Oleh karena itu, saya membawa hati, semangat, dan revolusi dari ‘Anak-anak dari Batu-batu’ walaupun saya belum pernah melihat demonstrasi tunggal atau semacam Intifadah (pemberontakan) di desa saya.

Tapi, saya ingat ketika saya masih seorang anak kecil, aku melambung tinggi dalam lamunan-lamunan-ku, lamunan di mana saya membebaskan Palestina. Lamunan-lamunan pembebasan ini selalu berakhir dengan keberadaanku menjadi martir.

Aku benar-benar seorang anak Palestina dalam arti istilah sepenuhnya, bahkan dengan upaya Pendudukan untuk mencuci otak pemuda Arab untuk melupakan akar mereka, tanah air mereka, serta teriakan ibu-ibu mereka.

Dalam kenyataan, kesedihan menjadi bahasa yang kami pelajari sejak masa kanak-kanak kami. Tak berdaya dan terjebak dalam segala hal: dalam mencari nafkah, mencari tempat tinggal, di sekolah, dan di jalan. Kami tidak seperti anak-anak orang-orang Israel. Diskriminasi jelas dalam segala hal. Jika pasukan pendudukan membedakan antara orang Yahudi Timur dan Barat, bagaimana mereka tidak diskriminasi terhadap kami?
Semua hal itu membentuk aku serta imanku di dalam Allah. Allah adalah perlindungan pertama dan terakhir. Aku berdoa dan berpuasa sampai saya berusia 15 tahun, tapi apa hasilnya?
Apa yang terjadi? Apakah mukjizat terjadi untuk membebaskan kami?
Apakah tanah air kami telah kembali ke kami?
Apakah Allah telah membangkitakan para martir kami dari kuburan-kuburan?
Apakah Allah telah menggembalikan kebahagiaan kami yang hilang atau mengakhiri penumpahan darah kami?
Apakah Allah telah mengembalikan orang-orang buangan kembali ke tanah air mereka?

Jutaan tanda tanya meledak di dalam diriku melawan nasib kami bahwa surga telah mentakdirkan kami untuk menerimanya. Mengapa kematian, genosida, pembuangan, dan hukuman penjara menjadi takdir kami, terpisah dari bangsa-bangsa lain dan masyarakat? Apakah ini kehendak surga? Jawaban dalam lubuk hatiku ada di afirmatif.

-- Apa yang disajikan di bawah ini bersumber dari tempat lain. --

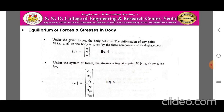Under the given forces and point loads, the body deforms. The deformation at any point M having coordinates (x, y, z) on the body is given by three components of its displacement: u = [u, v, w] — equation 4. Under this system of forces, the stresses acting at point M are: sigma_x, sigma_y, sigma_z (normal stresses) and tau_xy, tau_yz, tau_zx (shear stresses along the xy, yz, and zx planes respectively) — equation 5.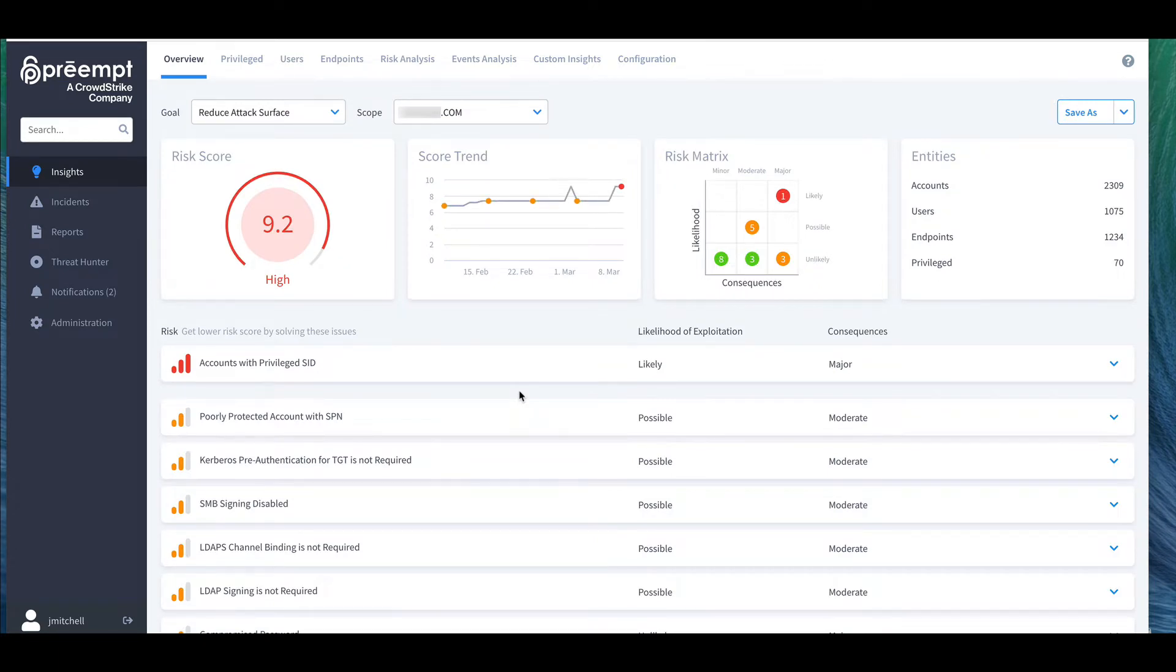We'll start with the Insights and Analytics page. Visibility is key to understanding what you have in your domain now and how you are configured and segmented by groups.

Oleh karena itu, saya menolak takdir ini, ini dan Allah ini. Aku hidup selama empat tahun tanpa percaya ilah manapun. Ateisme mencolok tinggal di hati dan dinyatakan oleh kata-kata dan perbuatan. Jadi, hidup saya kehilangan artinya, semua prinsip dan moral layu dalam diriku. Bahkan, aku melakukan segala dosa dan pelanggaran, yang besar maupun yang kecil.

Kemudian sesuatu terjadi! Ini adalah awal perubahan dalam hidupku. Saya bertemu dengan seorang wanita muda Eropa. Namanya Tina. Dia berada di Al-Quds (Yerusalem) selama setahun. Kita saling mengenal dan menjadi teman baik. Dia bukan salah satu orang biasa yang Anda temui setiap hari. Sebaliknya, dia adalah orang yang unik dari jarang – jenis itu, jika Anda telah mengenal mereka, Anda tidak akan pernah lupa. Dia adalah seorang manusia dalam arti kata penuh, berseri-seri dengan kehidupan dan kehadiran khusus – sebuah kehadiran yang membuat Anda merasa penting, dan bahwa Anda adalah orang yang beradab, dan waktu adalah berharga. Ya, dia benar-benar seorang wanita dengan siapa Anda merasa semua tiba-tiba bahwa segala sesuatu memiliki makna dan nilai.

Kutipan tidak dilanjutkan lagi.